Connoisseurship and that new Van Gogh

October 3 2013

Image of Connoisseurship and that new Van Gogh

Picture: NYTimes

Art historian Gary Schwartz (whom regular readers will know for his expertise on that recently discovered Saenredam) has raised some interesting questions about the new Van Gogh 'discovery' - specifically, how did it ever get turned down in the first place?
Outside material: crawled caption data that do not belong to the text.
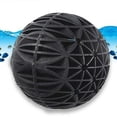 thumbnail image 3 of Flmtop 100Pcs 16mm Aquarium Air Pump Sponge Filter Bio Balls Fish Tank Pond Protector Black, 3 of 9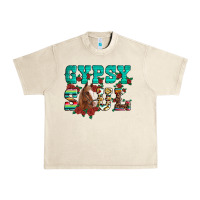 Sandshell western gypsy soul horse roses serape aztec leopard Urban Heavy Tee - Artiststas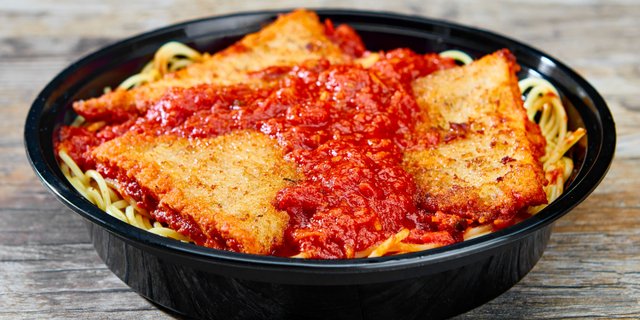 Spaghetti Boxed Lunch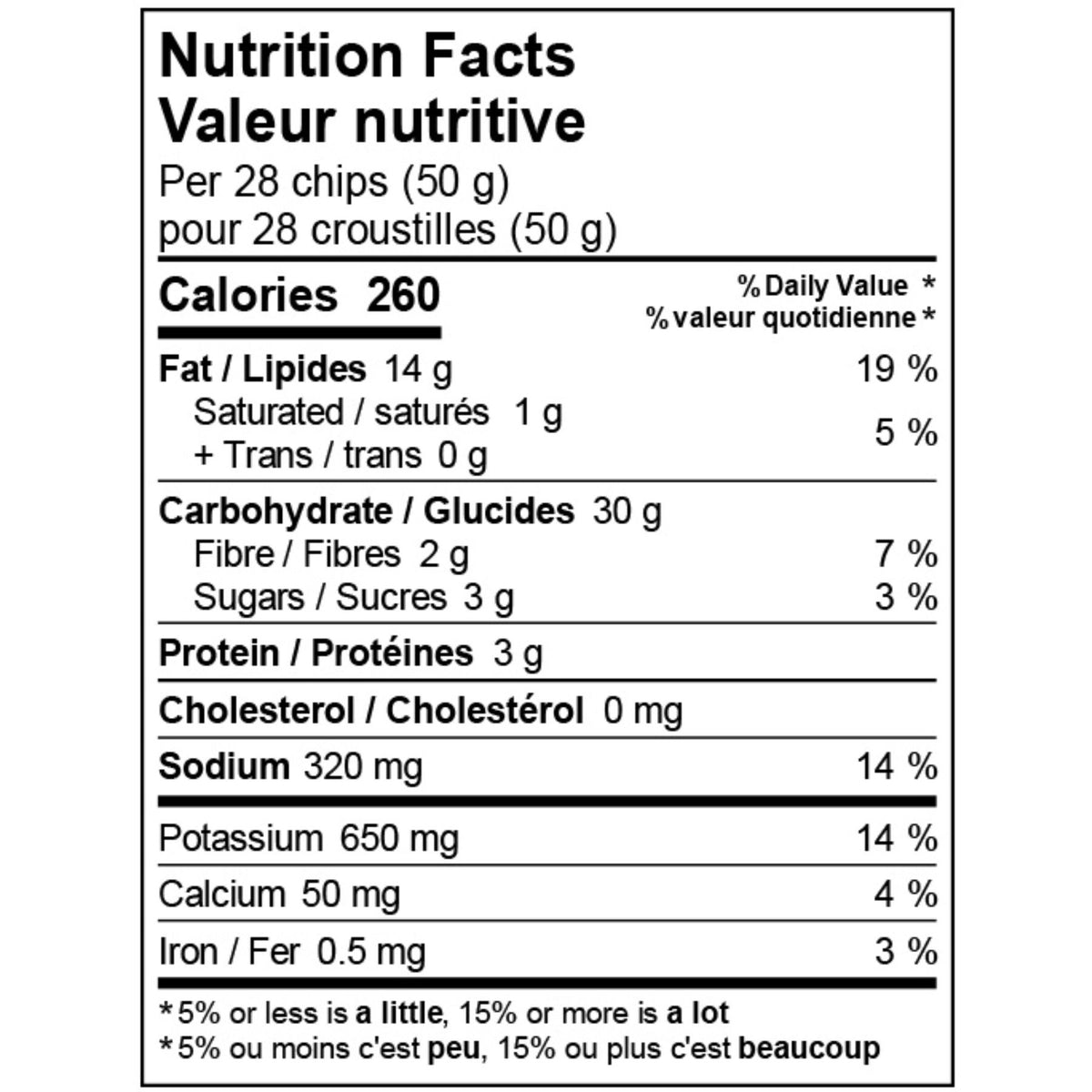 Covered Bridge Sour Cream & Onion Potato Chips 170g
It was submitted for judgment in 1991, at which time the museum notified the owner that “we think that the picture in question is not an authentic Van Gogh.” The quotation is from the scholarly publication on the re-attribution in the October issue of the Burlington Magazine, the art-historical equivalent of an article in Nature or Science. (Louis van Tilborgh, Teio Meedendorp and Oda van Maanen, all curators at the Van Gogh Museum, “’Sunset at Montmajour’: a newly discovered painting by Vincent van Gogh,” The Burlington Magazine 155 [2013], nr. 1327, pp. 696-705.) Given this embarrassing fact, the rhetoric surrounding the announcement should have been toned down considerably. The painting should not be called “newly discovered,” certainly not in a journal of record like the Burlington. A more accurate title for the article would have been “Sunset at Montmajour: the Van Gogh Museum changes its mind about an attribution and corrects an old error of its own."
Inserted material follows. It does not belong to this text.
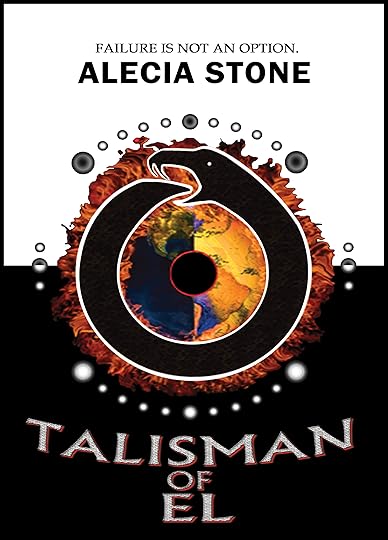Black and White Final Cover Reveal Talisman Of El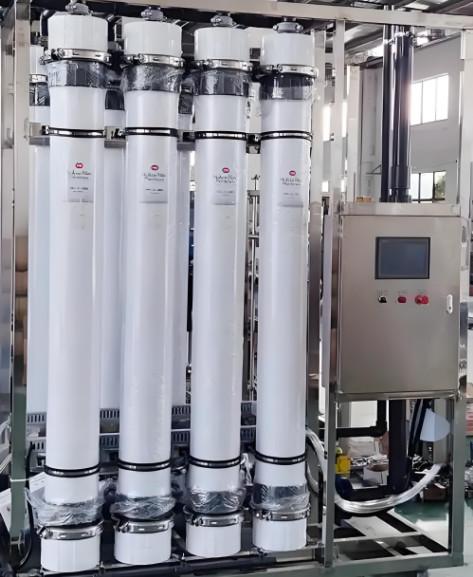 0.01-0.1μm Ultrafiltration System For Mineral Retention For Tap Water Purificati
Schwartz goes on to highlight all the strong evidence in favour of the picture, including a large '180' written on the back of Sunset at Montmajour, which matches up exactly with an inventory compiled just after Theo Van Gogh died, where the picture is listed as '180 soleil couchant a Arles', and with the same dimensions. Montmajour is in Arles. The more I read about it, the more I wonder how Van Gogh connoisseurship ever went so off beam?